Последствия больших разговоров (СИ), стр. 139

   Говорящие с огнем снова обступили свое неспокойное пламя, и то, замерев на мгновение, вспухло и заклубилось, перетекая сверху вниз, а потом словно всплеснулось, и пронзило воздух десятками длинных огненных лепестков, обратившись огромной полыхающей хризантемой. Иван Дмитриевич подвел ладонь под основание одного из лепестков, и тот, отделившись от огненного цветка, остался у него на ладони, мягко, волшебно изгибаясь из стороны в сторону. Ната-Бестия сделала то же самое и застыла рядом со старшим Говорящим с огнем, держа колыхающееся пламя на стыке сомкнутых ладоней. Лена, взяв свой лепесток, отошла к дальнему концу полукруга и встала там, подняв ладонь с огоньком почти к самому лицу и пристально глядя куда-то внутрь пламени. Следующим к огню решительно подошел Электрик, бестрепетно подхватил один из лепестков и двинулся обратно, унося живой, изгибающийся язычок пламени на своей ладони, а огненная хризантема немедленно отрастила новый лепесток взамен утраченного. За ним потянулись остальные.
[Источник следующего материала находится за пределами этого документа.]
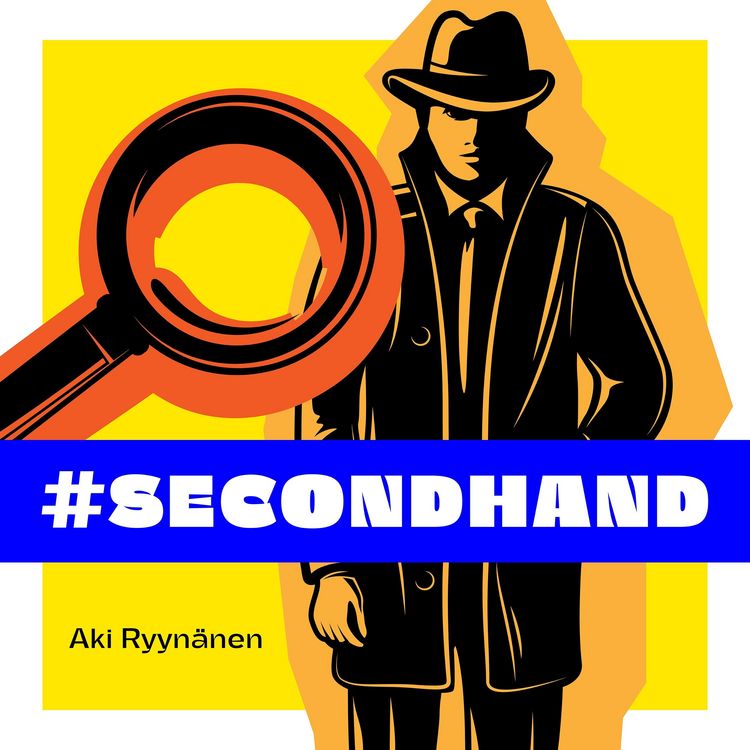 Produktbild: Secondhand 1
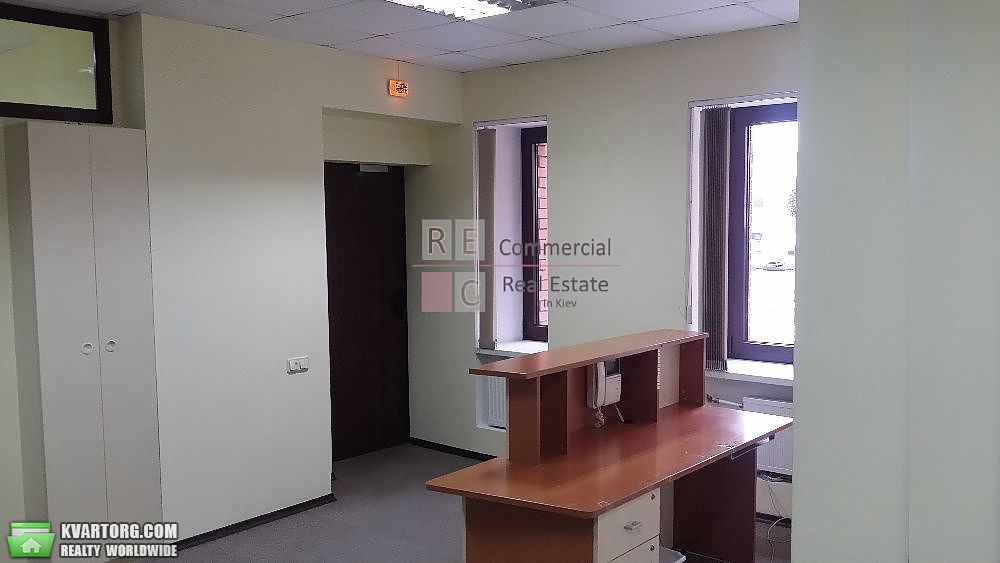 Rent out office. Киев,  Дегтяревская — photo 3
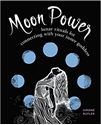 Bild på Moon power - lunar rituals for connecting with your inner goddess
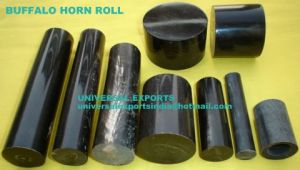 Buffalo Horn Roll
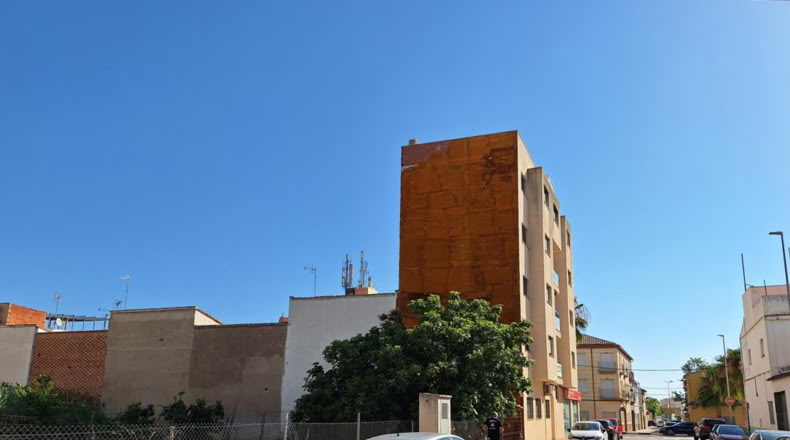 València - Miramar - 470m2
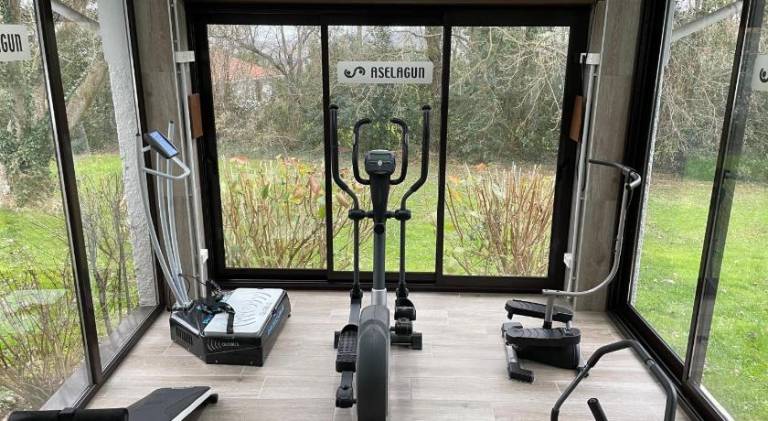 Maison de vacances Irun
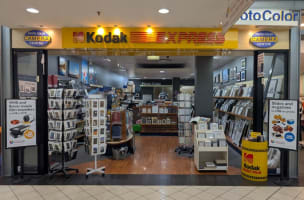 Photo Processing and Printing Retail Outlet (CS25134)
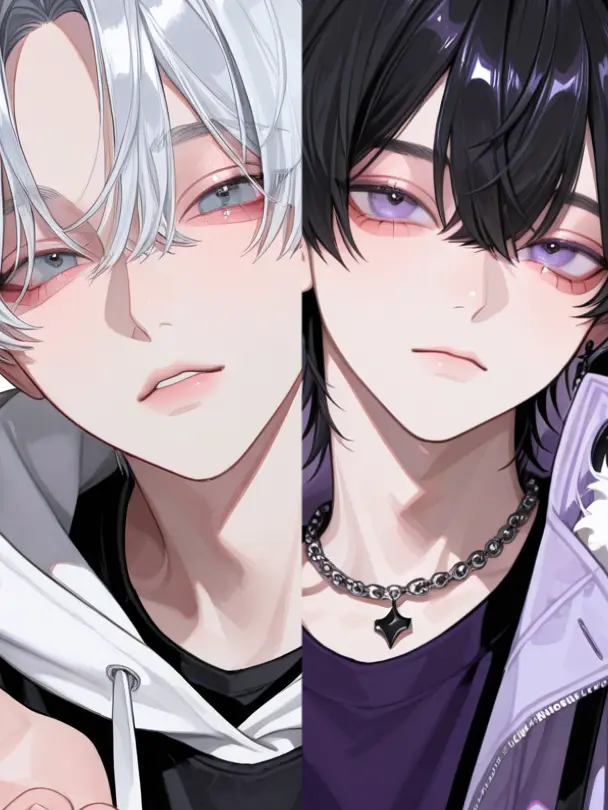 momomomone의 溺愛彼氏ＶＳシスコン弟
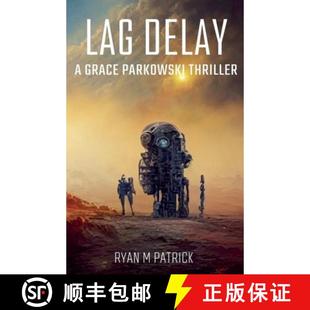 Delay Lag 3周达 9798227470423
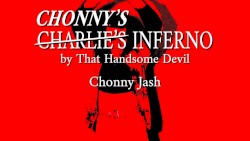 Chonny's Inferno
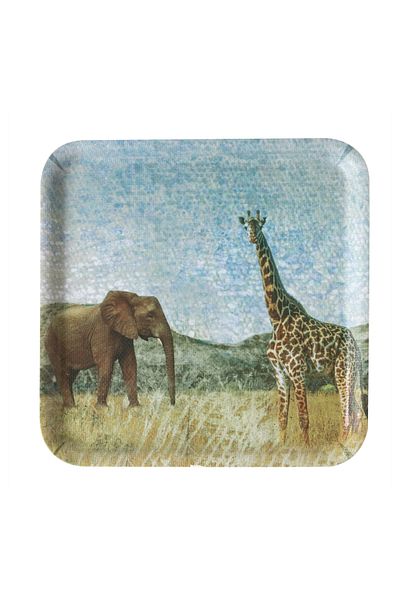 Mudo Concept Wild Non-Slip Tab 34cm
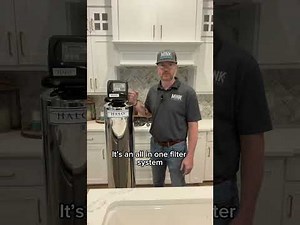 Halo 5 Water Filtration Benefits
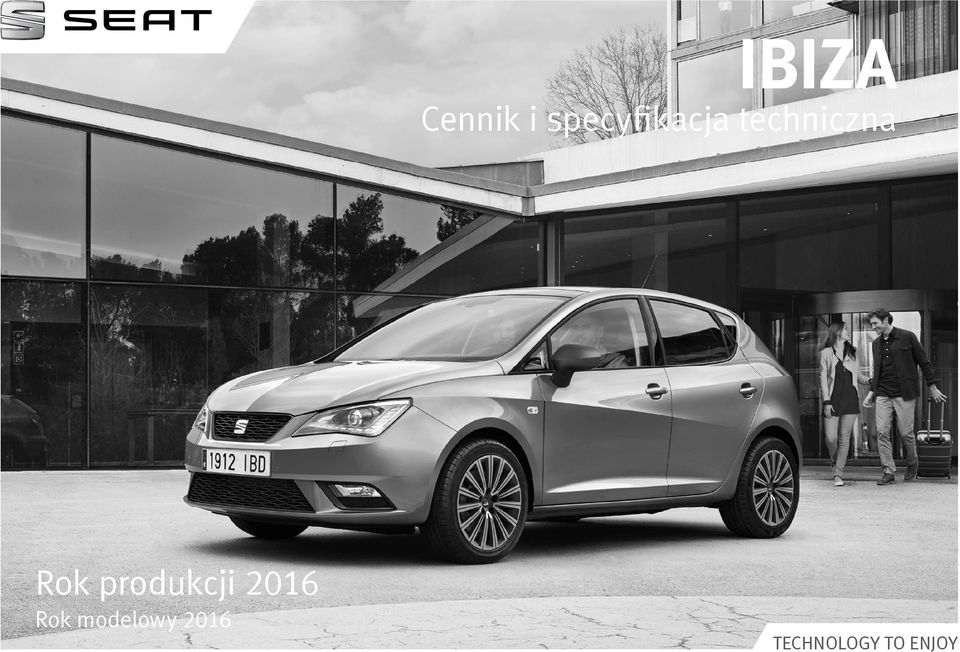 Rok produkcji 2016 Rok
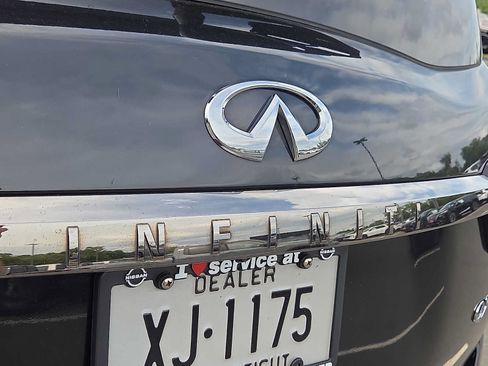 Used 2024 INFINITI QX80 Sensory AWD/4WD image 30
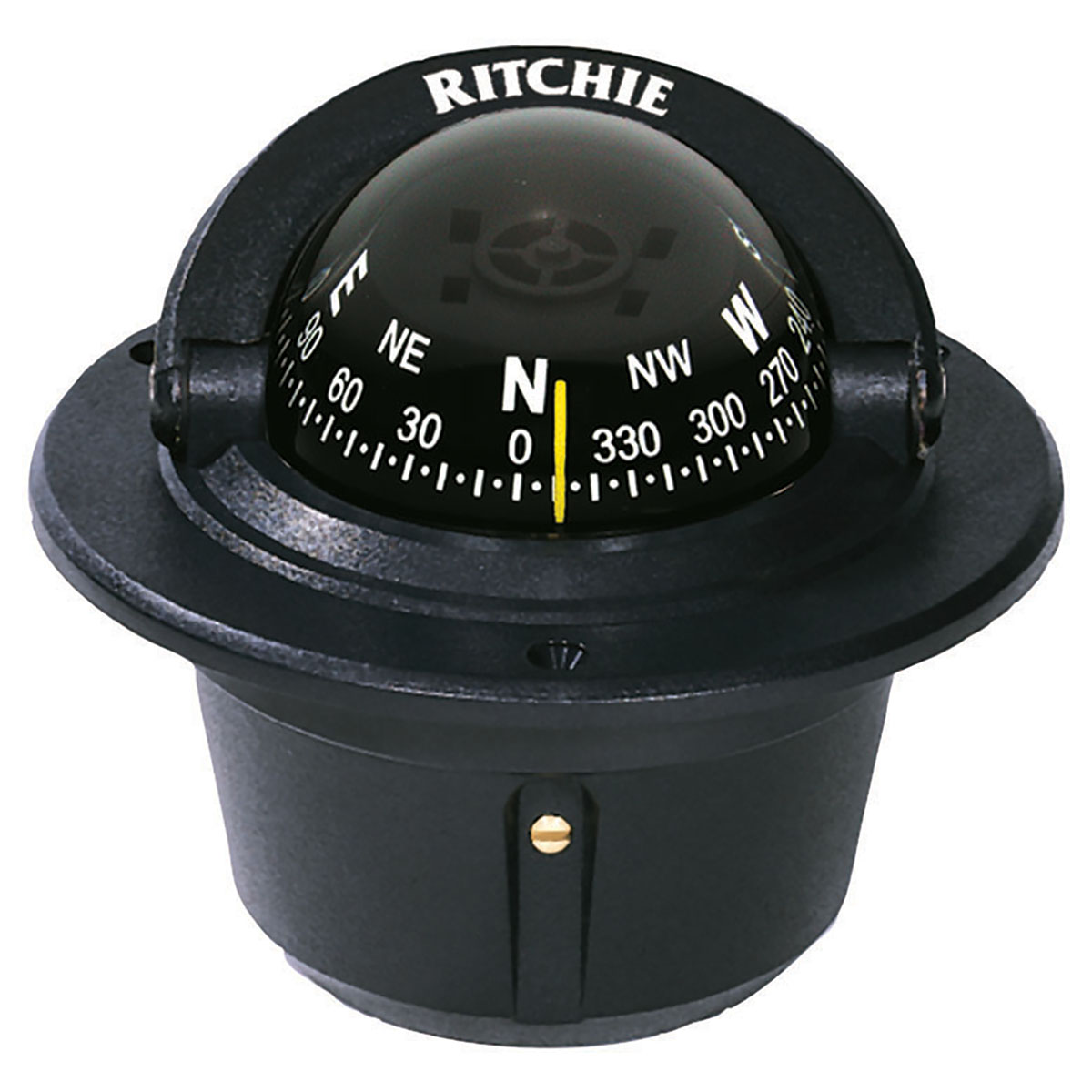 Explorer Flush-mount F50 Compass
   Эша подошла одной из последних. Хоть она и убедилась уже, что огонь не причиняет вреда, и что даже неГоворящие уже держали по колыхающемуся пламенному лепестку на ладонях, не делая при этом никаких болезненных гримас, все равно было жутковато. Огонь обжигает - так было всегда. И для того, чтобы гореть, огню была нужна пища - так тоже было всегда. Нужно поверить огню Говорящих, чтобы он не обжег? Что, если он почувствует ее недоверие, ее страх?

   Все же, в конце концов, она подошла к огненному цветку, трепещущему в воздухе, и, помедлив мгновение, с отчаянной решимостью подхватила один из лепестков, готовая в любой момент отдернуть руку. Но не почувствовала ни жара, ни ожога, только легкое щекочущее касание, похожее на прикосновение пушистой ножки Бонни. Шталь невольно широко раскрыла глаза, потрясенно глядя на огонь, грациозно покачивающийся на ее сомкнутых пальцах, а мимо нее уже проходили друзья и коллеги, и крошечные огоньки на их ладонях распустились пышными огненными цветами необычайной красоты и самых разных форм и размеров, и их лепестки смыкались, вновь разворачивались, подергивались бахромой, обращались огненным ажуром, сквозь который бархатно просвечивала осенняя тьма. Люди наклонялись, опуская цветы на насыпи, и цветы продолжали трепетать, словно на ветру, разрастаясь, играя лепестками и не причиняя живым цветам ни малейшего вреда.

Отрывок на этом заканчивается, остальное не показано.